B.: A Lei? Questo deve chiarircelo più esattamente.
A.: A me, perché sono nato a Breslau. Insomma sono della Slesia. Quindi, nel 1945 sono fuggito di fronte alla melmosa marea rossa. E dato che mi sono fatto una certa reputazione, allora sono uno di quelli di cui la cultura tedesco-orientale può andar fiera. Tutte sciocchezze. I miei genitori erano di Berlino. Avevamo lasciato Breslau nel 1915, e dalla Germania sono fuggito già nel 1933. Da Hitler. Non da quelli che nel 1945 arrivarono in Slesia a causa sua. L’ignoranza in base alla quale la gente cercava di onorarmi sarebbe stata davvero degna di qualcosa di meglio. Ho differito a lungo il mio rifiuto, per poterlo comunicare alla vigilia dell’incontro slesiano. I bramosi di onorificenze a quel punto se ne stavano là seduti e non avrebbero potuto sbarazzarsi dei loro 10.000 Marchi, se non fosse comparso un altro slesiano più coraggioso, il quale prese il mio posto come secondo piazzato e accettò impreparato il denaro. A lui – non conosco il suo nome – ben gli sta! A me certo non sarebbe spettato. Poiché infatti se nel 1933 non fossi fuggito, nel 1945 sarei rimasto come cenere sui campi di Auschwitz o di Maidanek., e pertanto sarei stato davvero incapace di promuovere in Occidente la cultura tedesco-orientale. In poche parole: si può salvare il proprio onore solamente rifiutando gli onori di quelli che non sono degni di onorare qualcuno.

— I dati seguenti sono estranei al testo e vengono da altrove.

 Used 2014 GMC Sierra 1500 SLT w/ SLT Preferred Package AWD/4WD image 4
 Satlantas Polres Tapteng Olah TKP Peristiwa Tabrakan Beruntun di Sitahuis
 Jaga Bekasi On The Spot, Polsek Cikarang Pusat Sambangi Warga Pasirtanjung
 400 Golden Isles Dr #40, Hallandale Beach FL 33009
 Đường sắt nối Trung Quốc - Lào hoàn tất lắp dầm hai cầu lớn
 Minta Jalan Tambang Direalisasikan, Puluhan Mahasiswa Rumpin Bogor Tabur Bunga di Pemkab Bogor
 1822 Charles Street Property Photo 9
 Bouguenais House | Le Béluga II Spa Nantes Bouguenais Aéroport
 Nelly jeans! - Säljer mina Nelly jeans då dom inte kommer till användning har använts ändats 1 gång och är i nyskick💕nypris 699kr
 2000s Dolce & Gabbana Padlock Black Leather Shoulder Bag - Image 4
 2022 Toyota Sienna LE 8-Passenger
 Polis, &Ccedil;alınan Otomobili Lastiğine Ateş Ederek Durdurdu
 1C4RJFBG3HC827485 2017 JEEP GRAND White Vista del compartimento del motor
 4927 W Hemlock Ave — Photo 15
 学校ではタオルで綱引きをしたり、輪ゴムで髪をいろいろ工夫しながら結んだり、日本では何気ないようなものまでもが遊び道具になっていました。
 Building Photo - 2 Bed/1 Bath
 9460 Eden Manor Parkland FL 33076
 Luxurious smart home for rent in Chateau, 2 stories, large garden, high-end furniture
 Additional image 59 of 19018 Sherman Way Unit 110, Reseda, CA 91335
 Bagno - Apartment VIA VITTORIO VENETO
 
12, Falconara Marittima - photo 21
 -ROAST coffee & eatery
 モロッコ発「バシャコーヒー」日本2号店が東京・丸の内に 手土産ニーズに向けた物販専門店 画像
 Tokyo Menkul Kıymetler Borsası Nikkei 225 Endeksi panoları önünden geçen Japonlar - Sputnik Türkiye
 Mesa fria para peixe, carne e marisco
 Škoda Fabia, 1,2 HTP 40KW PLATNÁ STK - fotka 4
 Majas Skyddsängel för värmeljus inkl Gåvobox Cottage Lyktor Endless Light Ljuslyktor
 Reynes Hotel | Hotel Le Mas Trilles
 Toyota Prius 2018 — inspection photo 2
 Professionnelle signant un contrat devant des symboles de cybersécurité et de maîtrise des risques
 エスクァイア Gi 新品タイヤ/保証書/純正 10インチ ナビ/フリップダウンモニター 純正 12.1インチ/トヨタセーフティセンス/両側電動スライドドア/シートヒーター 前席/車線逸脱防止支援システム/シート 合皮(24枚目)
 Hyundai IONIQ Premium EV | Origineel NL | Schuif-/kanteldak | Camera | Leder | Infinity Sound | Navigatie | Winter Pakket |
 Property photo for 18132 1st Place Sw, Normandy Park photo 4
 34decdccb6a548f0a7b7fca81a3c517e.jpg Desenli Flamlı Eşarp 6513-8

B.: Nella metà dei discorsi dei politici della Repubblica Federale sentiamo dire che viviamo nello stato più libero che ci sia mai stato in Germania. Ebbene, lei è uno che ha conosciuto già parecchi stati tedeschi…
A.: … Neanche per sogno “stato libero”! I cittadini della Repubblica Federale sono molto meno liberi di quanto essi stessi credano. Cosi, per esempio la maggior parte degli uomini di stato della Germania Federale si comporta tanto liberamente nei confronti di Reagan, quanto lo era stato Laval nei confronti di Hitler. Liberi? Essi si sono assolutamente adeguati all’occupante del loro territorio. Sissignore: occupante. Gli americani si possono chiamare davvero così, dal momento che l’accesso e la disposizione delle installazioni dei missili atomici spetta esclusivamente a loro. La sovranità della Repubblica Federale (RFI`) non c’è mai stata.
B.: Ma non viviamo in uno stato democratico?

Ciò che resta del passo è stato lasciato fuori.